Pantas Ekonomi Gagal Meroket, Bank ‘Malas’ Guyur Kredit ke Pengusaha


Benarkah kredit perbankan untuk pelaku bisnis sudah lari kencang? Jangan-jangan bank pilih main aman dengan memborong surat utang negara (SUN). Nihil risiko, cuannya gede pula.

Ekonom senior UOB Indonesia, Enrico Tanuwidjaja mengatakan, saat ini, pendalaman pasar keuangan dari segi kredit, tergolong rendah. Tercermin dari rasio kredit terhadap produk domestik bruto (PDB) yang terpaut jauh dengan sejumlah negara tetangga.

Pun demikian, bank pelit mengguyur kredit kepada sektor bisnis yang berkontribusi besar terhadap PDB. “Justru sektor-sektor yang kontribusi terhadap PDB, saat ini, masih belum cukup tinggi persentasi loannya (kredit),” kata Enrico di Jakarta, Rabu (25/9/2024).

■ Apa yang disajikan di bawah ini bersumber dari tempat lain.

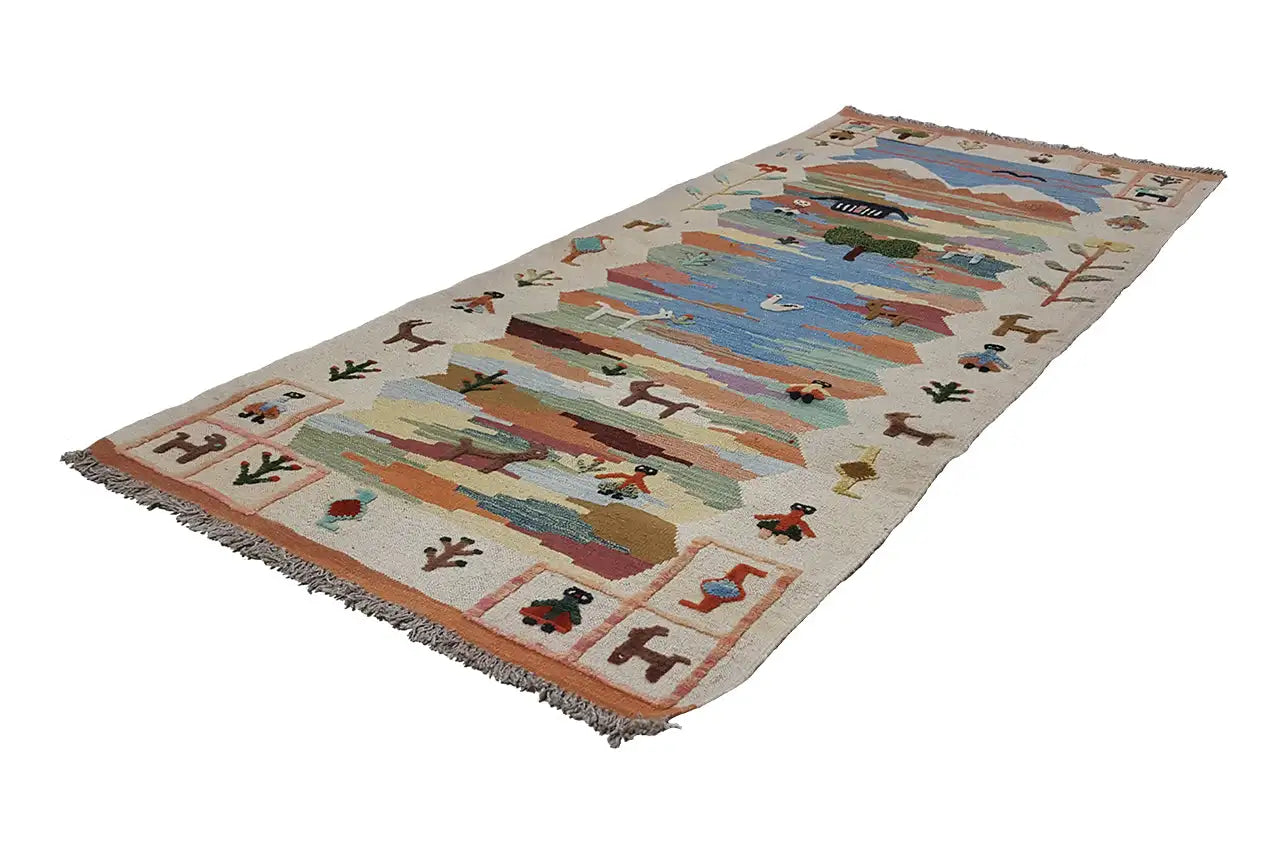 Kilim Qashqai - 800600 (193x87 cm) - Premium Kelim from German Carpet Shop - Just €249! Shop now at German Carpet Shop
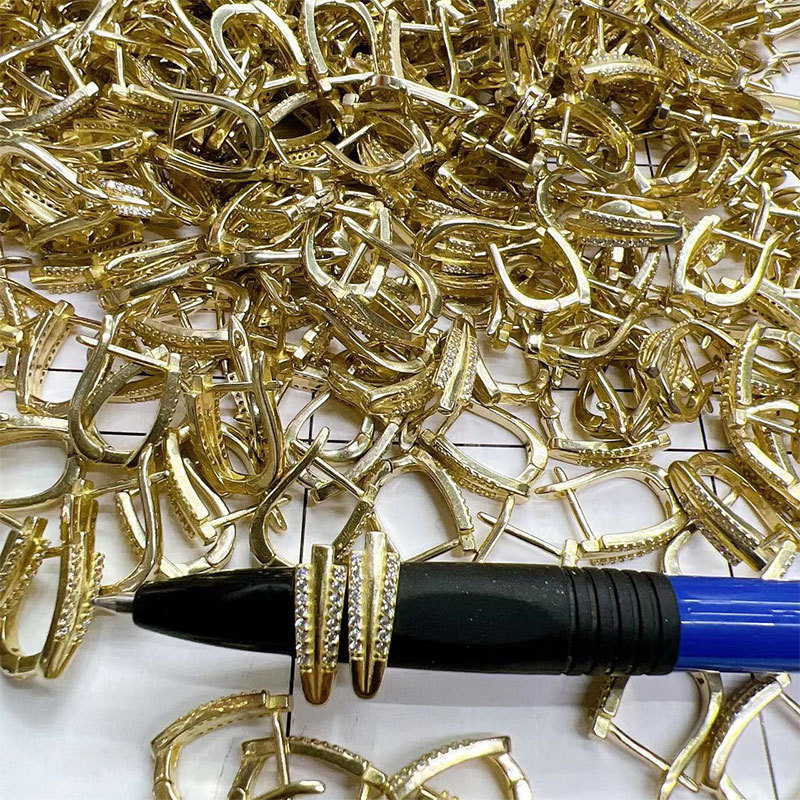 Korean simple U-shaped style micro-inlaid earring copper roughcast original accessory zircon earrings for women DIY micro-inlaid earrings pic 2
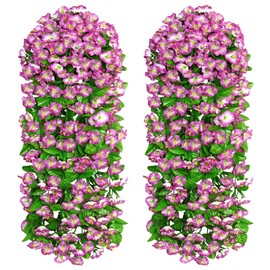 Dremisland 2PCS Artificial Fake Hanging Flowers Plants for Outdoor Spring Decor Faux Silk Morning Glory Flowers Trailing Vines UV Resistant Hanging Plants for Home Porch Patio Garden Planter Decor
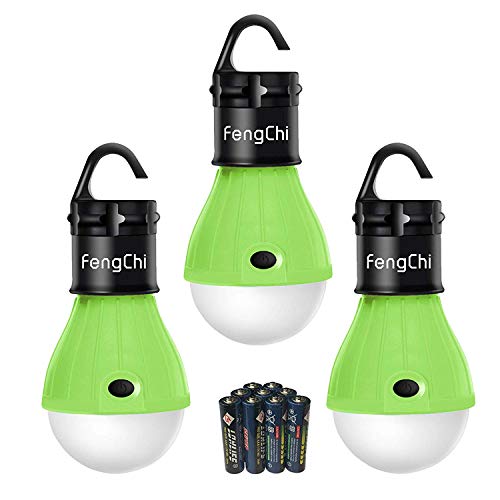 Book Cover FengChi LED Camping Lantern, [3 Pack] Portable Outdoor Tent Light Emergency Bulb Light Bulb for Camping, Hiking, Fishing,Hurricane, Storm, Outage â€¦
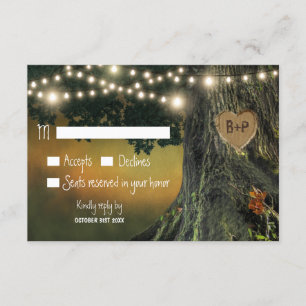 Cartas RSVP de Boda de roble de abuelo tallado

Dia memberikan contoh sektor agrikultur dan manufaktur. Ke depan, pemerintah perlu menyusun langkah strategis agar kredit di kedua sektor tersebut, bisa menjadi prioritas perbankan.

Adapun sebagai informasi, Industri perbankan kembali mencatatkan pertumbuhan penyaluran kredit dobel digit, yakni 10,9 persen secara tahunan (year on year/yoy), menjadi Rp7.441,9 triliun per Agustus 2024.

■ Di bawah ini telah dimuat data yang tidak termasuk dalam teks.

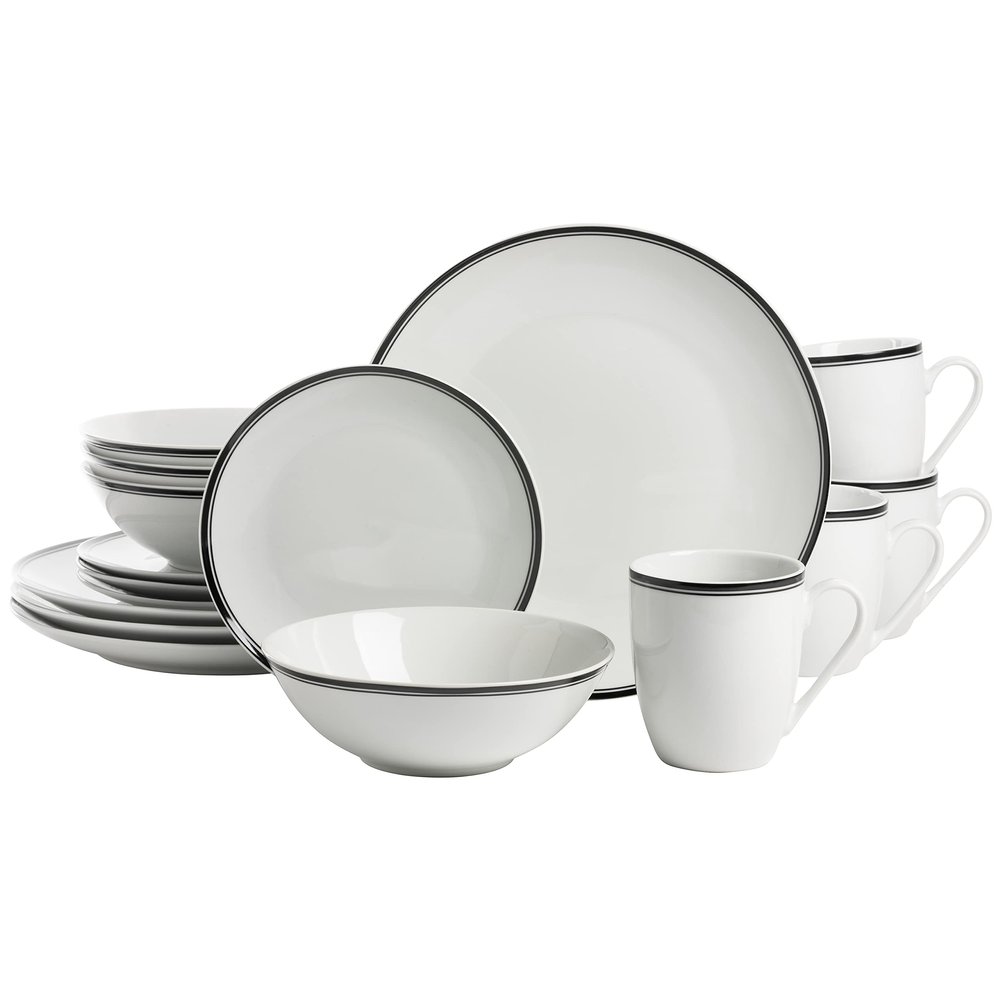 10 Strawberry Street Caf Stripe 16 Piece Coupe Dinnerware Set, Black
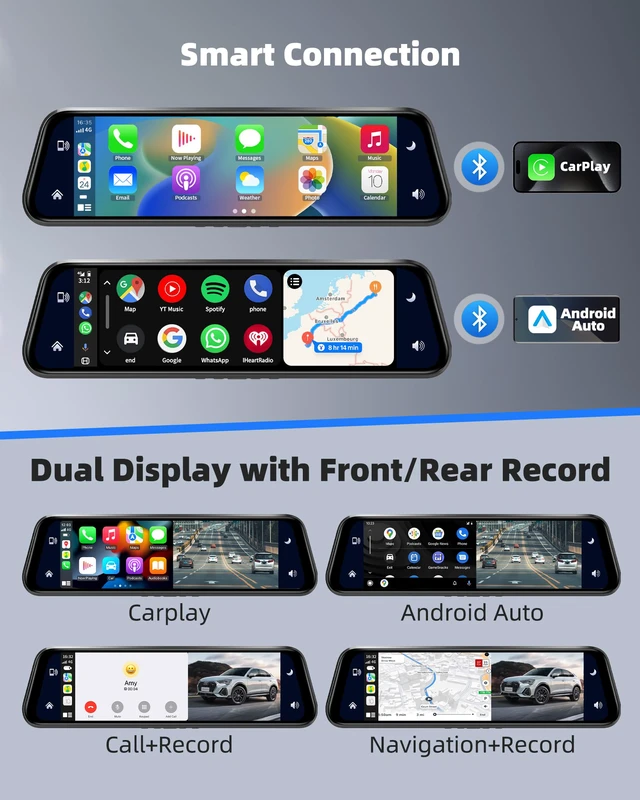 Alt view image 3 of 7 - 2.5K Mirror Dash Cam with Carplay&Android Auto,10" Rear View Mirror Camera for Cars/Trucks with Voice Control/ 64GB Card/Touch Screen/Parking Monitor/Reverse Assist/Dual Loop Record/WDR Tech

Bila dirincikan, kredit korporasi berkontribusi tertinggi, yakni 53,27 persen. Sisanya diserap debitur perorangan. Berdasarkan jenis penggunaan, kredit konsumsi menyumbang 28,61 persen, atau setara Rp2.129,4 triliun.

Dengan demikian, kredit produktif atau modal kerja dan investasi menyerap lebih dari 70 persen dari total kredit yang telah disalurkan perbankan per Agustus 2024.

Sementara itu, sektor pertanian, peternakan, kehutanan, dan perikanan hanya menyumbang 7,34 persen, atau setara Rp546,1 triliun. Sedangkan industri pengolahan yang berkontribusi 14,99 persen, atau setara Rp 1.115,8 triliun.

Sebelumnya, Menteri Koperasi dan Usaha Kecil Menengah (Menkop UKM) Teten Masduki mengeluhkan pelitnya perbankan mengguyur kredit untuk pelaku usaha mikro kecil dan menengah (UMKM).

Di Indonesia, kata dia, bank yang salurkan kredit untuk UMKM masih terendah di Asia. Karena porsinya hanya 21 persen. “Jauh ketimbang China atau Jepang yang sudah 60 persen,” kata Teten.

Teten menyoroti bahwa penyebab rendahnya penyaluran kredit itu, karena sulitnya akses kredit dari perbankan ke pelaku UMKM. Di mana salah satu kendalanya, ada syarat agunan atau jaminan bagi UMKM yang ingin mengajukan kredit.

“Kendalanya memang gak punya agunan pembiayaan kredit kolateral, meskipun pemerintah sudah membuat regulasi sampai Rp100 juta, enggak boleh pakai agunan, tetapi dalam pelaksanaan di lapangan, seperti itu (pakai agunan),” pungkasnya.